The yen strengthened 0.5% to 155.32 per dollar following the announcement, while two-year Japanese government bond yields hit 0.705%, their highest since October 2008. The BOJ’s quarterly report projects core inflation at 2.4% for fiscal year 2025, exceeding earlier estimates of 1.9%, before tapering to 2.0% in 2026. Risks to this outlook include persistent labor shortages and elevated import costs due to the weak yen, which has also driven up rice prices and overall living costs.

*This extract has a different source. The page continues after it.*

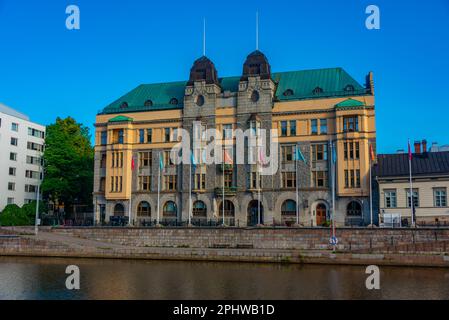 Bureau de la ville de Turku le long de la rivière aura à Turku, en Finlande. Banque D'Images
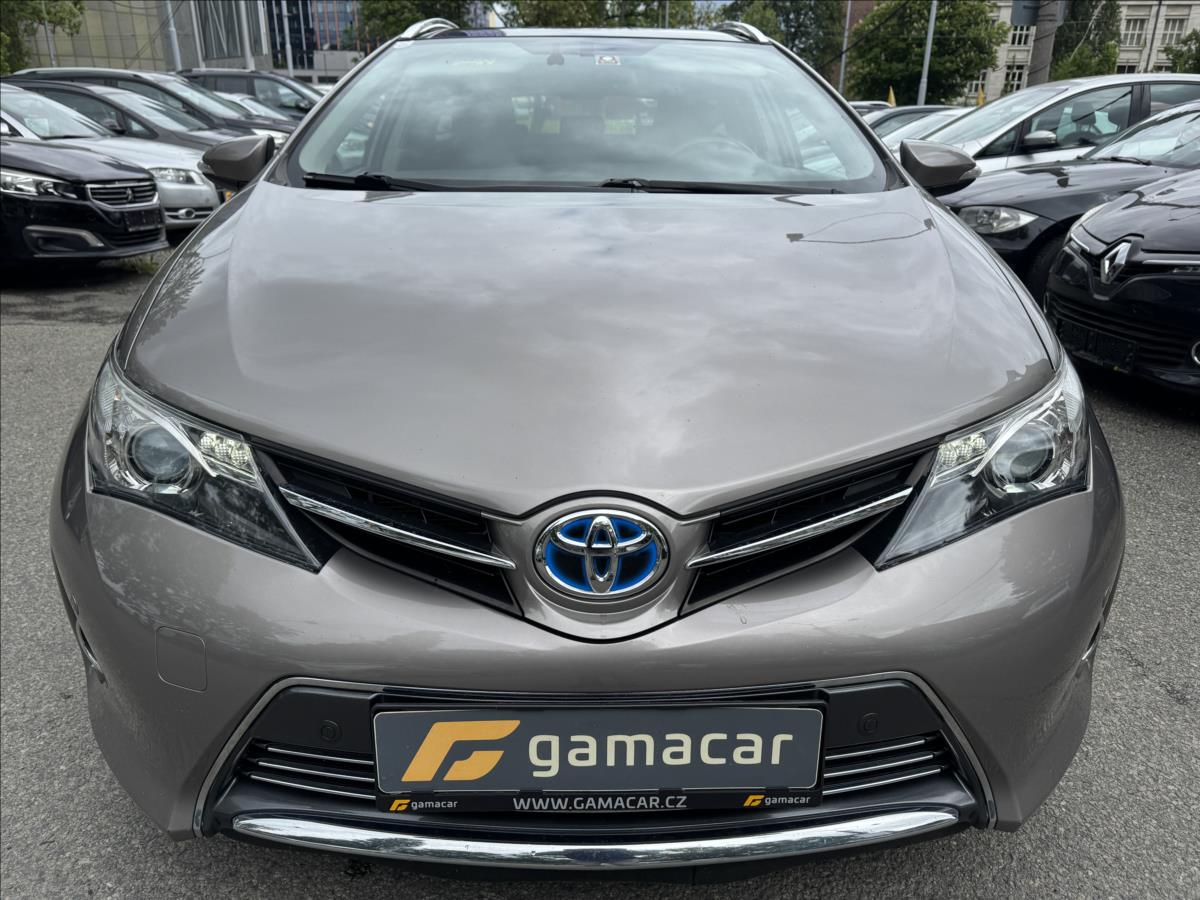 Toyota Auris 1,8 NOVÁ BATERIE+SEVIS TOYOTA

Japan’s core consumer inflation accelerated to 3.0% in December, marking a 16-month high fueled by climbing fuel and food costs. With many firms signaling intent to increase wages during this year’s negotiations, the BOJ anticipates a reinforcing cycle of wage-driven inflation supporting broader consumption. This optimism is reflected in the central bank’s stable growth forecasts of 1.1% for fiscal 2025 and 1.0% for 2026.
What Does This Mean for Me?
The decision confirms Japan’s departure from the ultra-loose policies of previous years. Since Governor Kazuo Ueda’s appointment in 2023, the BOJ has dismantled earlier stimulus measures, gradually normalizing rates. Analysts suggest room remains for another 25-basis-point hike by year-end, which could push rates to 0.75%.